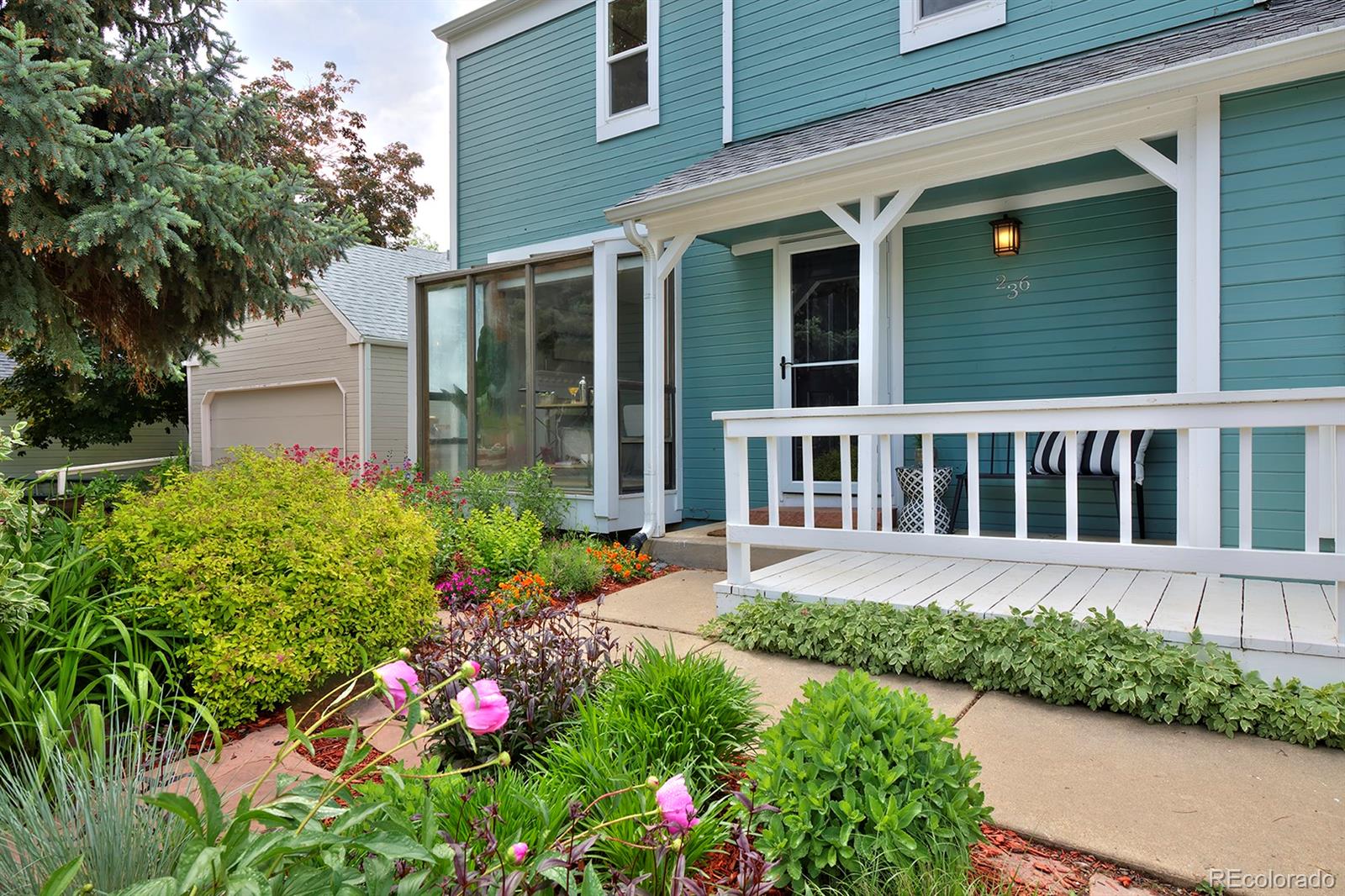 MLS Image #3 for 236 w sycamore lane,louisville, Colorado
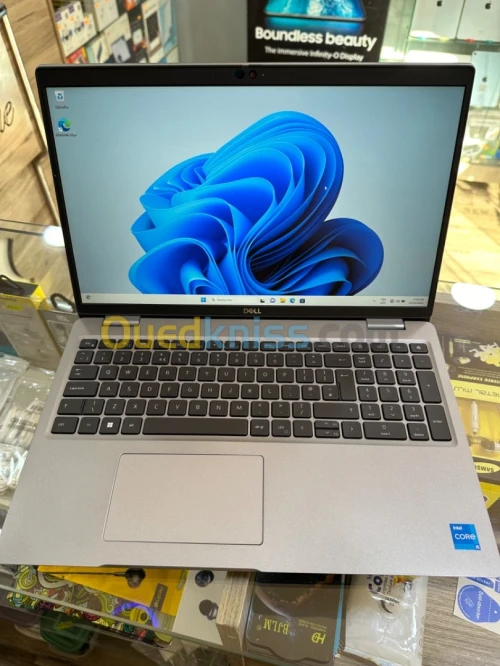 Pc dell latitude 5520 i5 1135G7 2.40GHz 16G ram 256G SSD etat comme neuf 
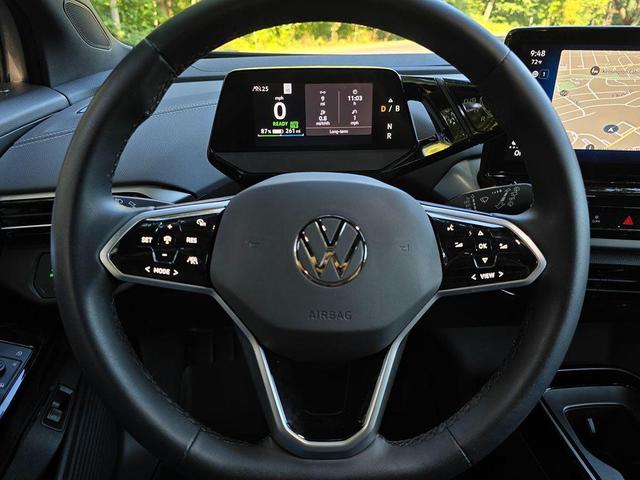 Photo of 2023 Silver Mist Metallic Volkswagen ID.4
####################
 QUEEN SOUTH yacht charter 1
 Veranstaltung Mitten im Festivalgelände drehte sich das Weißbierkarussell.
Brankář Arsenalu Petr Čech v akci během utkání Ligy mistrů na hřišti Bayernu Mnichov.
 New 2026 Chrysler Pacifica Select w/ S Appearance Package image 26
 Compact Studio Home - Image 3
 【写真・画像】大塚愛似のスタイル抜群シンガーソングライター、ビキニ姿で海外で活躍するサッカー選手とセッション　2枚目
####################
▸ **The task**
Within the listing above, write out the stretch from the line with "MLS Image #3" through the line with "Photo of 2023" exactly. Any pictures are to be left out.

▸ **Exercise answer**
 MLS Image #3 for 236 w sycamore lane,louisville, Colorado
 Pc dell latitude 5520 i5 1135G7 2.40GHz 16G ram 256G SSD etat comme neuf 
 Photo of 2023 Silver Mist Metallic Volkswagen ID.4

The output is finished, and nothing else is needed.